Gas tax cut proposed
House Minority Leader Bradley H. Jones Jr., R-North Reading, has proposed to suspend the Massachusetts 21 cent-per-gallon gas tax temporarily for the summer tourist season. He said, ''This proposal recognizes the people who don't have the immediate needs to go out and buy a hybrid vehicle overnight. When people feel like they're not paying something to the government, they feel a lot better."
Lt. Gov. Kerry Healey and other legislators supported the proposal, though its passage is in doubt. She said, ''We know that working families and small businesses are struggling to meet the higher costs of energy and gas right now."
Wendy K. Northcross, CEO of the Cape Cod Chamber of Commerce said, ''A lot of people here make their living from tourism. It's their mainstay here. They get anxious if there's something that can cut into consumer confidence."
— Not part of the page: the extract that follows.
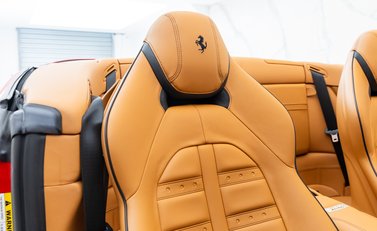 Ferrari California T 15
Supporters propose using a portion of state surplus to make up for the estimated $187 million loss from suspending the gas tax from Memorial Day to Labor Day. A similar plan was proposed last week in Connecticut, but the legislature adjourned its regular session for the year without acting on it.
Reilly challenges home insurance rate hike
Attorney General Tom Reilly argued that the insurance industry is using an unexplained model for determining future hurricanes, overcharging for expenses and inflating its numbers to justify a proposed 12.9 percent statewide rate hike, including a 25 percent increase in the cost of homeowner insurance on Cape Cod.
Reilly filed his final brief with the Division of Insurance, as part of the rate setting case for the FAIR Plan, operated by the Massachusetts Property Insurance Underwriting Association. In September, the MPIUA filed its request for a 12.9 percent increase for homeowners statewide, a 25 percent increase for Cape Cod and a 20 percent increase for most of the cities and towns in Plymouth and Bristol counties. Reilly is recommending no overall rate increase statewide in 2006 – including rate decreases for homeowners in many communities – and a slight increase, 1.2 percent, for Cape Cod homeowners.
Forecast: State won't see 2001 job levels by 2010
Tepid job growth in Massachusetts means total employment here won't reach its peak level, established in 2001, by 2010, economists said during an annual outlook conference in Westborough. Economists with the New England Economic Project say economic growth in Massachusetts between 2006 and 2010 will be "lackluster" compared to the expansions of the 1980s and 1990s, with annual growth in real gross state product of 2.8 percent.
Alan Clayton-Matthews, assistant professor at UMass Boston and chairman of the project's Massachusetts forecast, said a resurgence in technology markets worldwide has improved the climate for exports and improved the local job market, but noted a costly drag on the local economy: energy prices in Massachusetts exceed those of the rest of the nation by 32 percent. Forecasters see a "rocky road" ahead for Rhode Island, a continuing "up cycle" for Vermont, slower rates of growth in Maine and Connecticut, and a different situation in New Hampshire, which posted the largest percentage increase in jobs in 2004 when it added 37,500 jobs, a 6.8 percent increase.